Sunday, June 16, 2013

Quinoa Granola

Quinoa Granola

Ingredients

1 cup uncooked quinoa
2 1/2 cup uncooked oats
3/4 cup almonds (whole or sliced)
1/4 cup chopped pecans
1/2 cup sunflower seeds
1/4 cup hemp seeds (optional)
1/4 shredded unsweetened coconut
3/4 cup maple syrup
1 tsp vanilla
2 tsp cinnamon
2/3 cup dired fruit or berries (I like blueberries and cranberries best)

Directions

Preheat oven to 225.
Combine quinoa, oats, nuts, seeds, and coconut (is coconut considered a nut?)
Mix maple syrup and vanilla together then stir it into dry mixture until everything is evenly combined. 
Spread granola out on baking sheet into a thin layer.
Bake for 1 hour.
Let cool, remove from baking sheet and add dried fruit.

Banana Wheatgrass Soup

A couple weeks ago I ordered Banana Lemongrass Soup at a restaurant. It sounded weird, but I love bananas, I had no idea what lemongrass was, and I was feel adventurous. It turned out to be SO good. So good, in fact, that I wanted to recreate it at home. So I looked online and tried to find a recipe and surprisingly there were quite a few. I ended up using a couple different recipes to make mine. With my shopping list in hand, I was off to the grocery store. I went to 3 different stores and couldn't find lemongrass anywhere.
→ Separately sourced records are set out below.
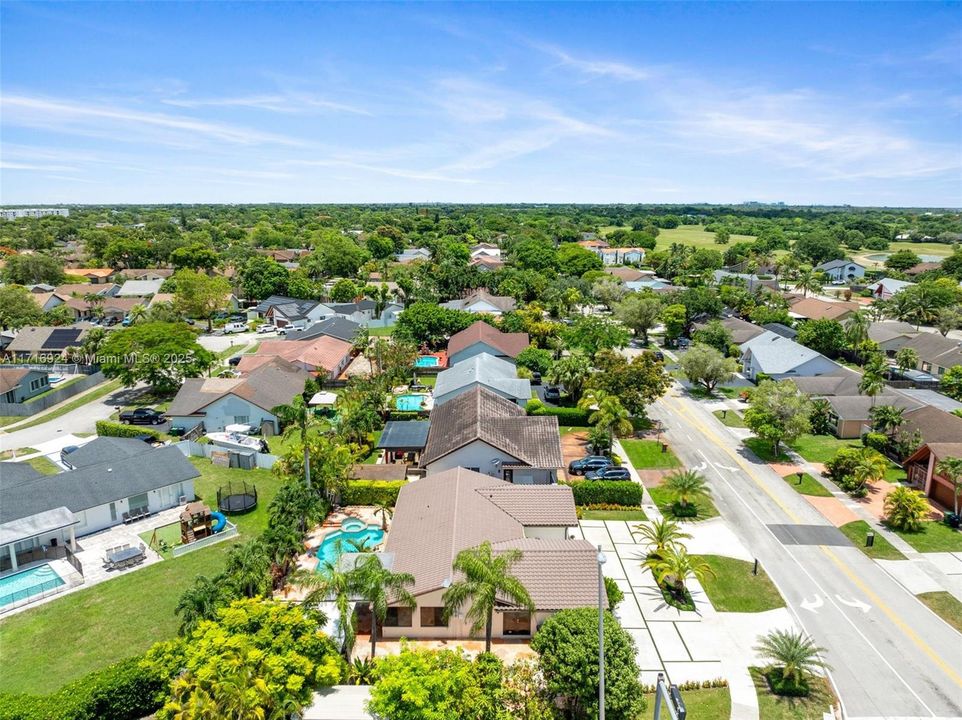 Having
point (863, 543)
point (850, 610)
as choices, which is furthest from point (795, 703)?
point (863, 543)

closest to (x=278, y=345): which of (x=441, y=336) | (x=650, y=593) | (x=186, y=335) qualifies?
(x=186, y=335)

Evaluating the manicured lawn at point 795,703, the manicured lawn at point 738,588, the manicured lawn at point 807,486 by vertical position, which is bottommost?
the manicured lawn at point 738,588

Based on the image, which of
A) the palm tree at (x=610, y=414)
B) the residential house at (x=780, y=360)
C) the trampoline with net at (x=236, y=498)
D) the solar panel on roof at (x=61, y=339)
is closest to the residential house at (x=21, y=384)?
the solar panel on roof at (x=61, y=339)

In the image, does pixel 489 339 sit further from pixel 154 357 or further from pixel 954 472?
pixel 954 472

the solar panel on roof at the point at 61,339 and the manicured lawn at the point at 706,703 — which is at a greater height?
the solar panel on roof at the point at 61,339

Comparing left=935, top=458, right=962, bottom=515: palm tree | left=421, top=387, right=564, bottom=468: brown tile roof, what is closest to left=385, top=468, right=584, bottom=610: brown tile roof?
left=421, top=387, right=564, bottom=468: brown tile roof

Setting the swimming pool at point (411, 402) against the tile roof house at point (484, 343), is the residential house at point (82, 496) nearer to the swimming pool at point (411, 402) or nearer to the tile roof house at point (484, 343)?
the swimming pool at point (411, 402) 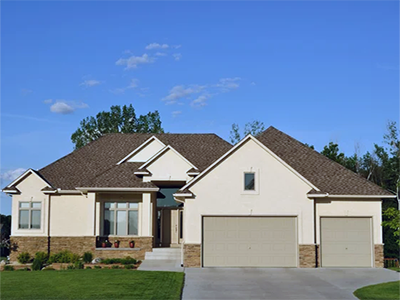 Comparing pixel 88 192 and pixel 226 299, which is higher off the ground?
pixel 88 192

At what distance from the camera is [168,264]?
83.8 feet

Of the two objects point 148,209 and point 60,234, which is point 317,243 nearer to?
point 148,209

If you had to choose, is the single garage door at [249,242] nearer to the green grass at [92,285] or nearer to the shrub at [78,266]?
the green grass at [92,285]

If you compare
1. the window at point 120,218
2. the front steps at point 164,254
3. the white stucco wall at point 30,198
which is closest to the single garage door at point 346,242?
the front steps at point 164,254

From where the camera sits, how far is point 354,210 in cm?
2595

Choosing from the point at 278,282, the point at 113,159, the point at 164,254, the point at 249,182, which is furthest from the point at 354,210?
the point at 113,159

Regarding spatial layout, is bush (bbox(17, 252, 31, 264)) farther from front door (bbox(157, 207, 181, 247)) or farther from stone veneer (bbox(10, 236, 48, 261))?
front door (bbox(157, 207, 181, 247))

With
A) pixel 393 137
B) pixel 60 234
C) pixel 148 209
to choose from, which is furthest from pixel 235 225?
pixel 393 137

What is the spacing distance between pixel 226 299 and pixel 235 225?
28.1 feet

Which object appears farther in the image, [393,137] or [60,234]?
[393,137]

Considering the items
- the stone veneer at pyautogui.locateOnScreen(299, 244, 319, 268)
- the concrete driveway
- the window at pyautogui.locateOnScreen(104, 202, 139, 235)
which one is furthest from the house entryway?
the stone veneer at pyautogui.locateOnScreen(299, 244, 319, 268)

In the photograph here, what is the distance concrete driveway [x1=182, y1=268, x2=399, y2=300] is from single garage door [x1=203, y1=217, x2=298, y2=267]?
0.97 metres

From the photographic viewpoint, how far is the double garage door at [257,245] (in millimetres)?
25109

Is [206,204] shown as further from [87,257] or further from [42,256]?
[42,256] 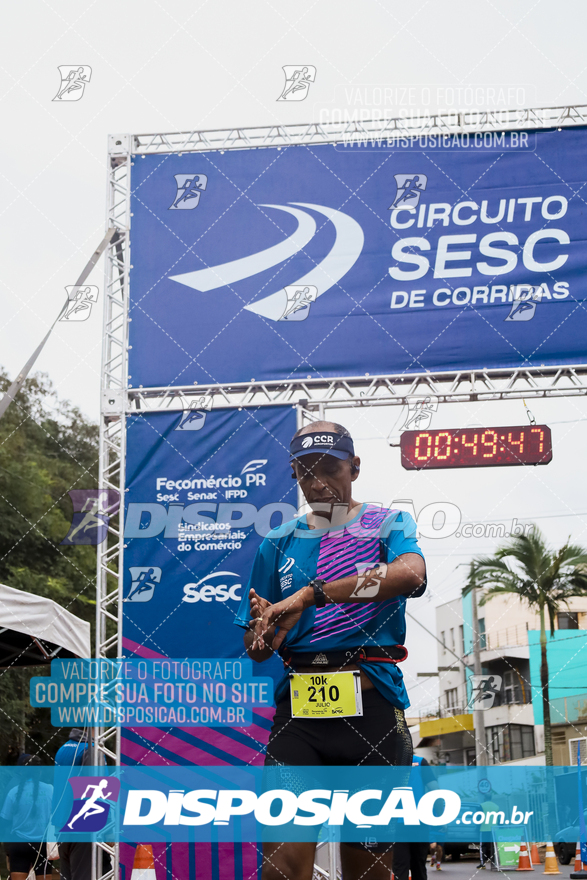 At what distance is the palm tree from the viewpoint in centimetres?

I never ended up finding it, but Karl said wheatgrass was probably similar so I got that instead. I still have no idea what lemongrass looks like, I think it's more similar to a leek? Anyway, using the wheatgrass turned out great! It was sweet, but savory and spicy. So good!

Banana Wheatgrass Soup

Ingredients

1/4 cup olive oil
1 cup sliced bananas (the riper the better)
1 cup yellow onion- chopped
1 cup leak- chopped
1 cup chopped celery
3/4 cup carrot- chopped
2 garlic cloves- smashed
1 tbsp wheatgrass
1-2 tbsp hot chili paste, depending on how spicy you want it (I use about 1.5 tbsp)
1 tbsp lemon juice
1 tsp cumin
1/2 cup orange juice
3 1/2 cup vegetable stock
1 can unsweetened coconut milk (14 oz)
Salt and Pepper

Directions

In large saucepan- heat olive oil over medium/high heat. 
Add bananas, saute for 4 minutes- until they start to brown. Flip.
Add onion, leek, celery, carrots, garlic, wheatgrass, chili paste, and lemon juice. Saute 10 minutes.
Add cumin, reduce heat to medium, saute 2 more minutes.
Add orange juice, reduce heat to low, simmer for 2 minutes.
Add vegetable stock, simmer for 10 minutes. 
Puree in batches until all soup is smooth. Sir in coconut milk and salt and pepper to taste. 
Enjoy!





Pork with Pineapple-Mango Salsa

This is a perfect summer dinner- easy to put together and the salsa is so refreshing!
This recipe was adapted from Family Circle magazine

Pork with Pineapple-Mango Salsa

Ingredients

Salsa

2 cups cubed pineapple
2 cups cubed mango (1 large)
1/4 cup chopped onion
2 green onion, thinly sliced
1/4 cup cilantro leaves- chopped
2 jalapeno peppers- seeded and chopped
1/4 tsp salt

Pork

1 pork shoulder (about 3 lbs)
1 tbsp olive oil
4 tsp paprika
2 tsp salt
1/2 tsp black pepper
2 large sweet potatoes (optional)

Directions

To make the salsa: combine all ingredients in a large bowl, cover and chill until serving.
For the pork: Preheat oven to 450. Place pork shoulder in baking dish. Cover pork shoulder with olive oil then rub the rest of the seasonings on all sides. 
I chopped up 2 sweet potatoes and baked them with the pork.
Bake for about 1hr and 15 minutes.
Serve pork and sweet potatoes with salsa on the top. Enjoy!